Is the Swiss Farmers' Union not taking the pandemic seriously?

PETA calls on those responsible to make the «Buurezmorge» vegan.

Editorial team Wild beim Wild — 28 July 2021

Despite the coronavirus pandemic, around 200 farms will be offering a «Buurezmorge» (farmers’ breakfast) this year for Switzerland’s National Day on 1 August.

Products of animal origin, however, increase the risk of zoonoses such as COVID-19 emerging and spreading. For this reason, PETA wrote to the Swiss Farmers’ Union in mid-July urging them to make the breakfast buffets vegan. As no response has been received so far, the animal rights organisation assumes that the buffets will go ahead as planned and that the Union is not taking the risks seriously.

When meat, milk, and eggs end up on the plates at the «Buurezmorge», one has to fear that the Swiss Farmers’ Union is unaware of the gravity of the situation – it is as if those responsible are pouring oil onto a fire. Because for products of animal origin, vast numbers of animals are locked in stalls and are often forced to endure conditions surrounded by their own excrement.They are then slaughtered under conditions that are at times unhygienic. It comes as no surprise that these products are associated with an increased risk of infectious diseases.

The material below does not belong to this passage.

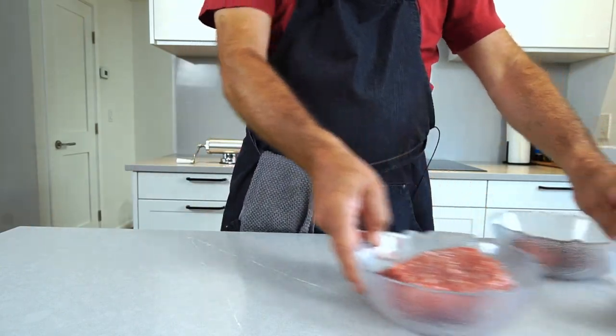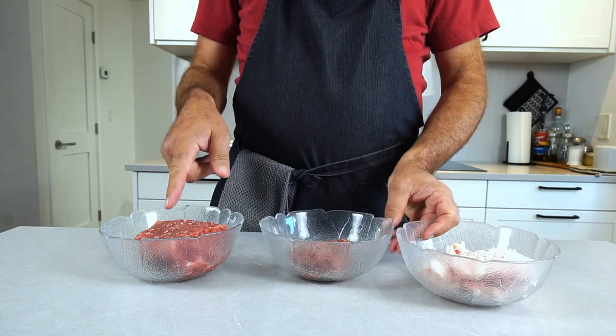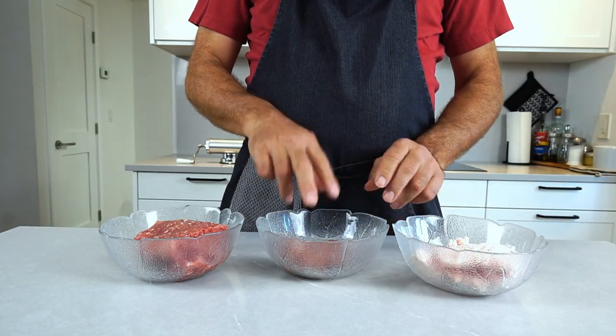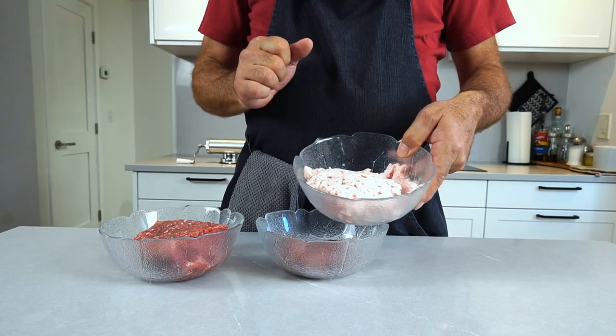We need pork, preferably something like pork shoulder with a little bit of fat in it. We need some lean beef, not a lot. And then we have a whole lot of pork fat.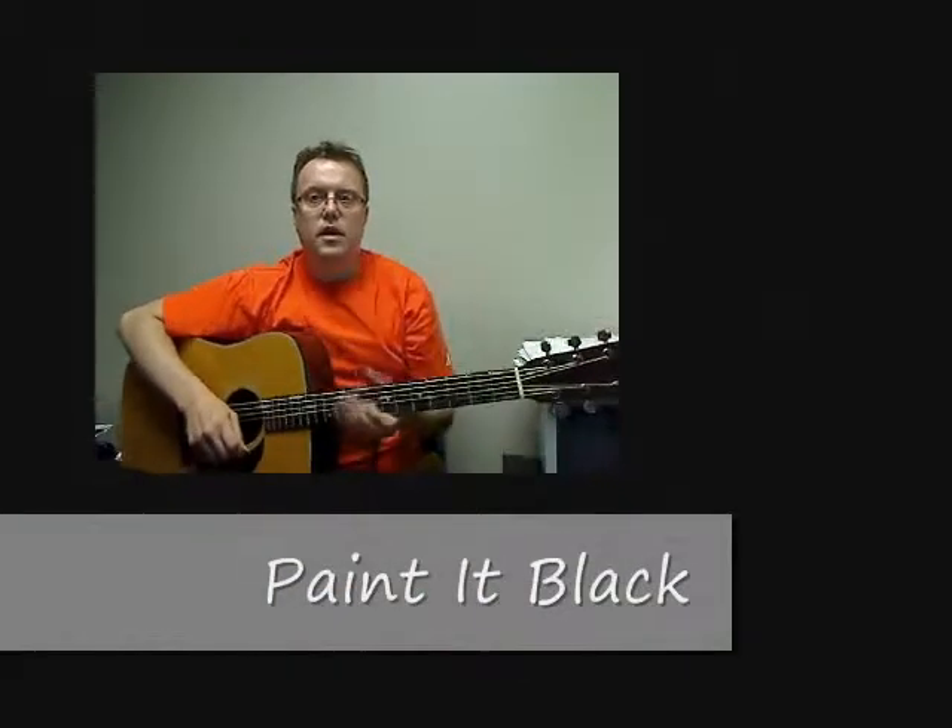Hey guys, today we're going to cover an old Rolling Stones tune called Paint It Black. We're going to cover basically the main chord section of the song and also the opening riff. So we'll start off with the riff.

Ilana Bollag on behalf of PETA Switzerland

Health risks associated with products of animal origin – background information  

75 percent of all newly emerging infectious diseases are zoonoses transmitted from animals to humans. As far back as 2004, the World Health Organization (WHO) identified the growing demand for animal products as one of the main causes of their emergence. Inger Andersen, head of the UN Environment Programme (UNEP), also warned in 2020: “If we continue to exploit wildlife and destroy our ecosystems, we can expect a steady stream of these diseases passing from animals to humans in the years to come.» COVID-19, avian influenza H5N1, the SARS pandemic, MERS-CoV, the dangerous Ebola fever, and even AIDS – they all share one common denominator: the human appetite for meat, milk, and eggs.

Furthermore, the massive use of antibiotic drugs in animal agriculture is causing more and more pathogens to develop resistance, rendering antibiotics ineffective. Even reserve antibiotics – used in hospitals as last-resort emergency medications when common antibiotics are no longer effective due to resistance – are being increasingly administered to animals. A large proportion of these are excreted unchanged by the treated animals, and the excretions are spread onto agricultural land in the form of liquid manure. From there, they can leach into groundwater through seepage and ultimately end up in our drinking water. Antibiotic resistance leads to thousands of people dying from bacterial infections that would normally be straightforward to treat – in Europe alone, this has already resulted in over 30,000 deaths. In 2019, the WHO even listed antibiotic-resistant pathogens as one of the ten threats to global health.PETA warns that these pathogens could trigger the next pandemic.